For Justice Department cases being litigated in federal courts around the country, criminal litigation "will continue without interruption as an activity essential to the safety of human life and the protection of property," but civil litigation "will be curtailed or postponed to the extent that this can be done without compromising to a significant degree the safety of human life or the protection of property," according to the plan.

Much of the Justice Department's current contingency plan is based on legal opinions and memos drafted by department lawyers in 1995, in the months before that year's government shutdown.
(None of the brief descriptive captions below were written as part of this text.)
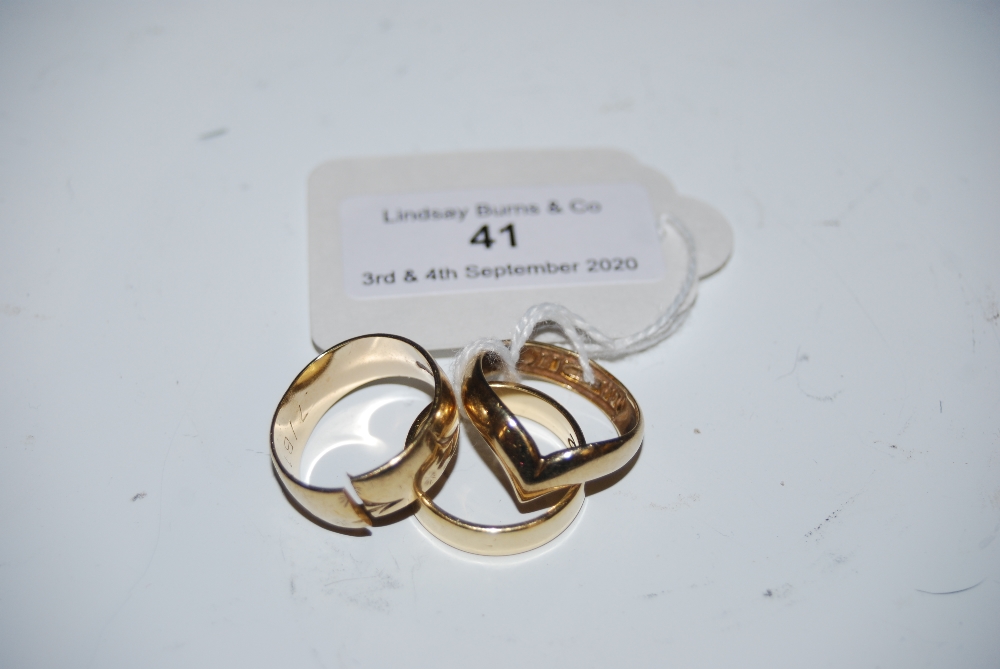 AN 18CT GOLD WEDDING RING AND TWO 9CT GOLD RINGS, GROSS WEIGHT 9.8 GRAMS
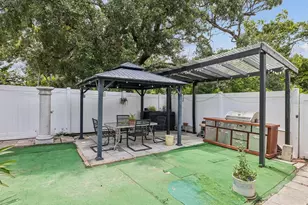 6518 S West Shore Circle, Tampa, FL 33616 - Photo 35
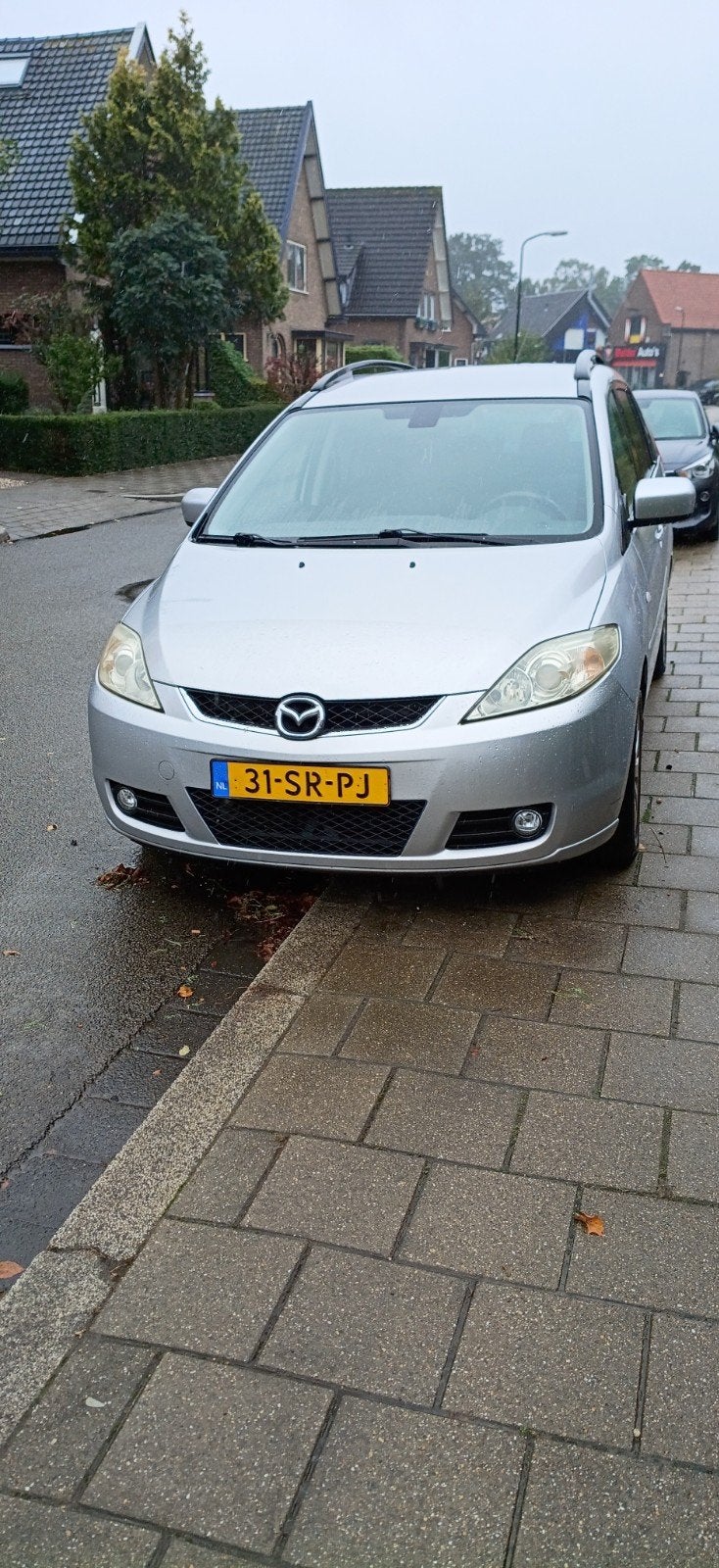 Mazda 5 2.0 2006 Grijs, Voorwielaandrijving, 145 pk, 4 cilinders, 7 stoelen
On Wednesday, Attorney General Eric Holder, like his counterparts at other federal agencies, sent a letter to his employees telling them he appreciates their "hard work and dedication" and "continued service to the Department and the Nation."

"The President and I know that the uncertainty of the current situation puts Federal employees in a difficult position, and are very much aware that a shutdown would impose hardships on many employees as well as the groups and individuals the Department serves," Holder told all Justice Department employees in the letter obtained by Fox News.

Nevertheless, he told his employees, they are part of a department that "provides critical services to the American public."

"Your contributions touch people's lives in so many significant ways, and I want you to know how deeply I appreciate your dedication, your expertise, and your commitment to the Justice mission," Holder said in Wednesday’s letter.

The Obama administration is trying hard to avert a shutdown this time, Holder assured his ranks.

"Throughout the discussions about funding for the rest of the fiscal year, the President has made it clear that he does not want a government shutdown," Holder wrote in his letter. "The Administration is willing and ready to work day and night to find a solution with which all sides can agree."

But that was on Wednesday, when Democrats and Republicans still had days to hammer out a solution. Now, it's a matter of hours.